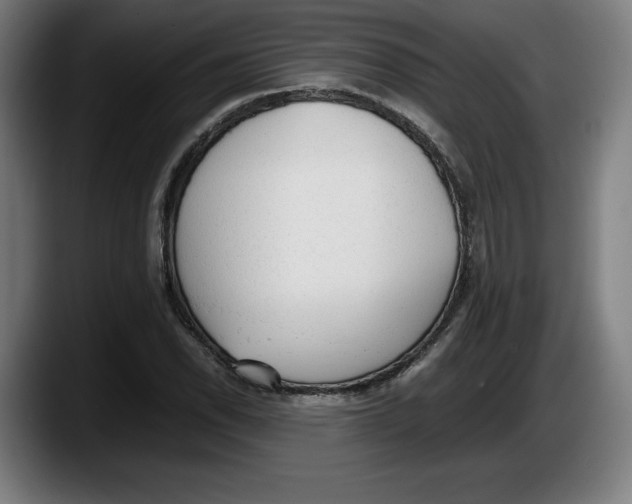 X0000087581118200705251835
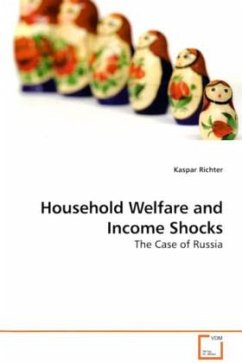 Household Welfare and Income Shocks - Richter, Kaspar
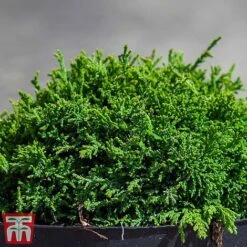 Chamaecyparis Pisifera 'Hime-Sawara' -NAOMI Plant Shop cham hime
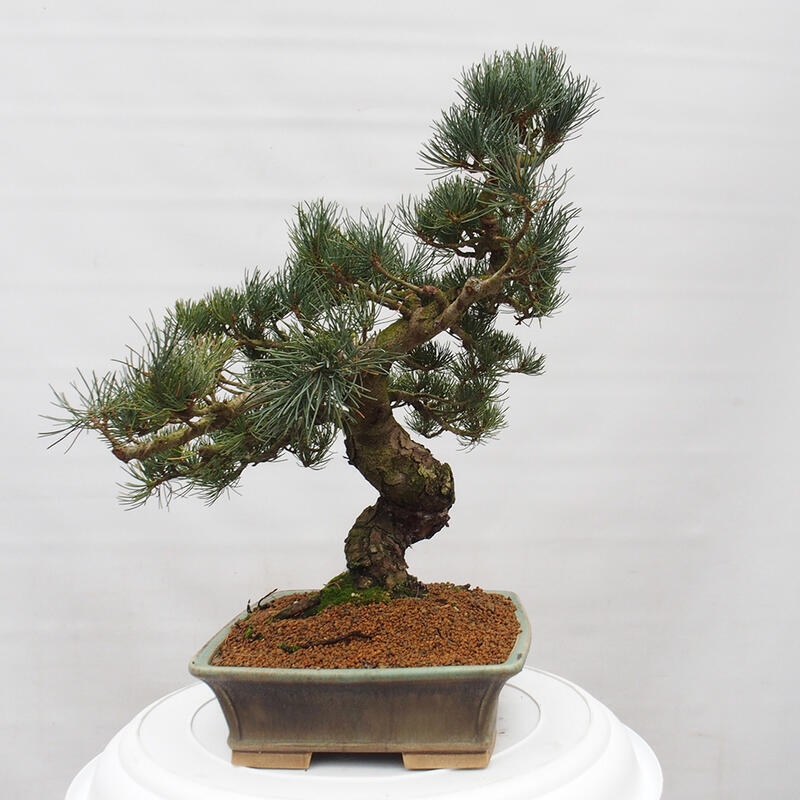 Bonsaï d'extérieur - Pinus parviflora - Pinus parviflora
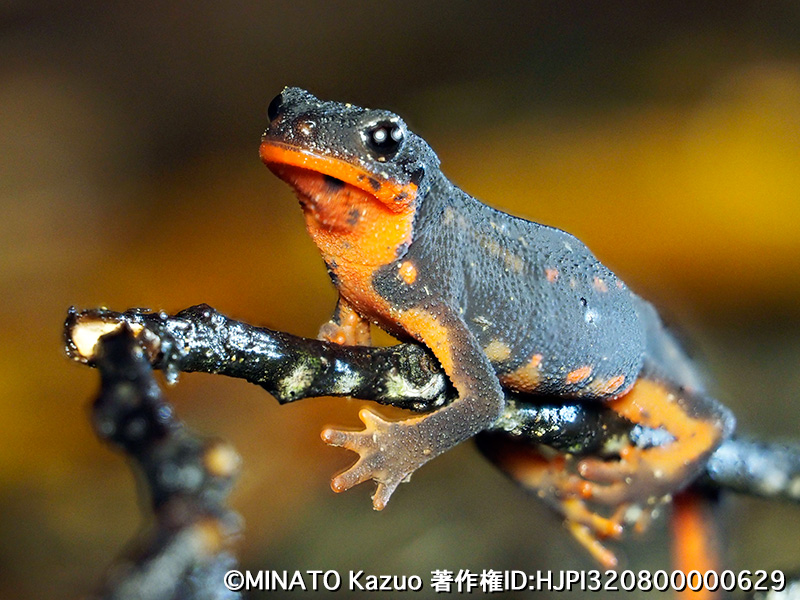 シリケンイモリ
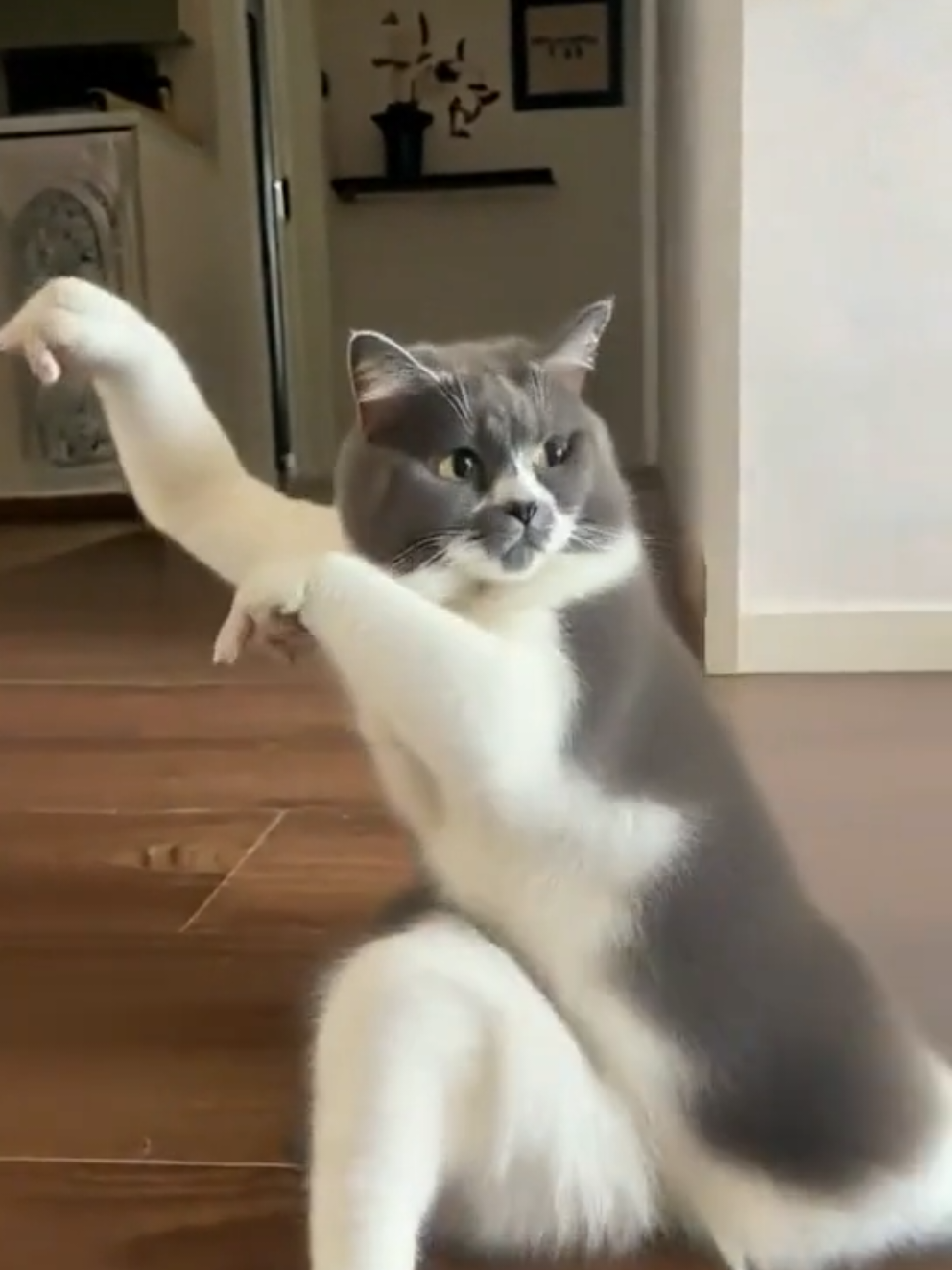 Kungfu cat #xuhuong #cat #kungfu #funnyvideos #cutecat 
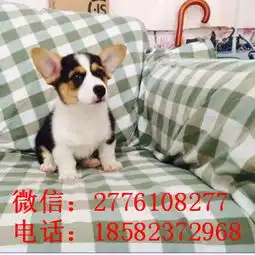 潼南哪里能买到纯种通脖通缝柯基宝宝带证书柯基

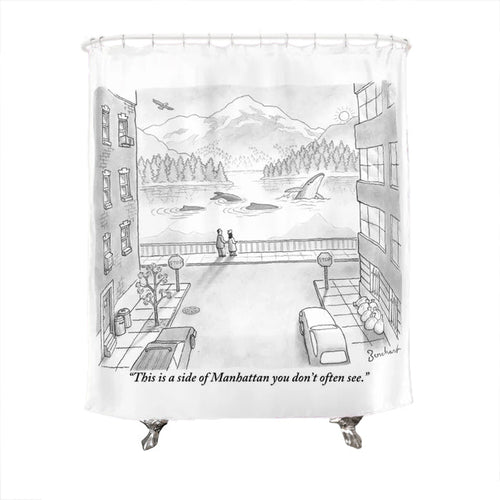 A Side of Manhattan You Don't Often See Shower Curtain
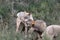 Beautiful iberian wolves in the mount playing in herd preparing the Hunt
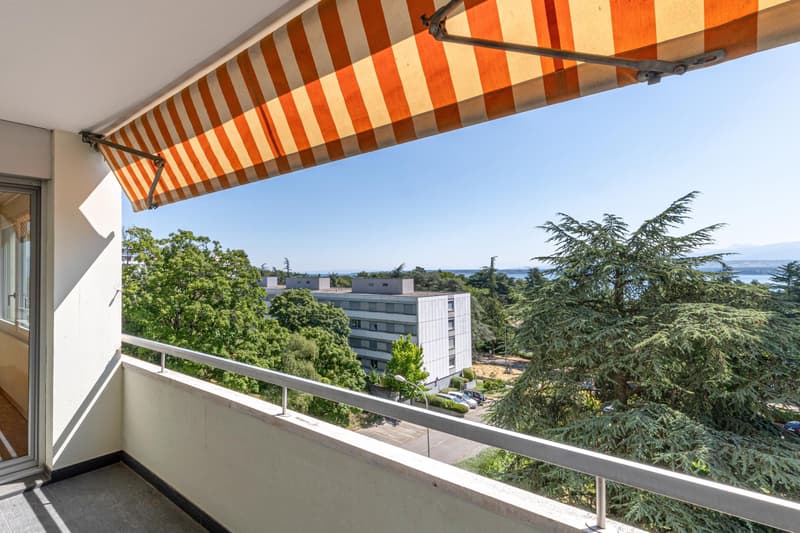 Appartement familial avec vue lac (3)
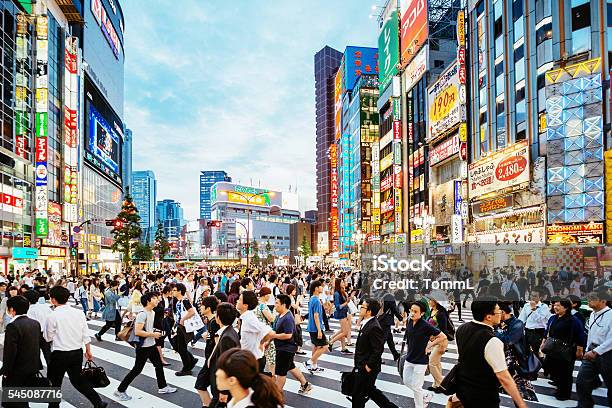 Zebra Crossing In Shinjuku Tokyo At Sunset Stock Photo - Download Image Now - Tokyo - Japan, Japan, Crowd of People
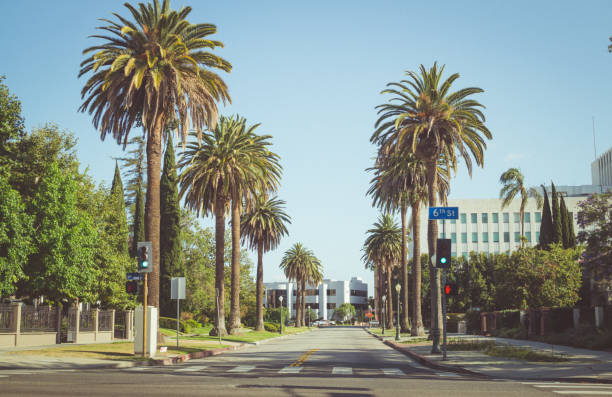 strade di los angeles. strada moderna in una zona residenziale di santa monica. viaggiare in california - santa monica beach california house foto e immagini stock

───

THE TASK:
Write out every line above exactly as it is, leaving out the pictures.

RESULT OF THIS TASK:
 X0000087581118200705251835
 Household Welfare and Income Shocks - Richter, Kaspar
 Chamaecyparis Pisifera 'Hime-Sawara' -NAOMI Plant Shop cham hime
 Bonsaï d'extérieur - Pinus parviflora - Pinus parviflora
 シリケンイモリ
 Kungfu cat #xuhuong #cat #kungfu #funnyvideos #cutecat 
 潼南哪里能买到纯种通脖通缝柯基宝宝带证书柯基

 A Side of Manhattan You Don't Often See Shower Curtain
 Beautiful iberian wolves in the mount playing in herd preparing the Hunt
 Appartement familial avec vue lac (3)
 Zebra Crossing In Shinjuku Tokyo At Sunset Stock Photo - Download Image Now - Tokyo - Japan, Japan, Crowd of People
 strade di los angeles. strada moderna in una zona residenziale di santa monica. viaggiare in california - santa monica beach california house foto e immagini stock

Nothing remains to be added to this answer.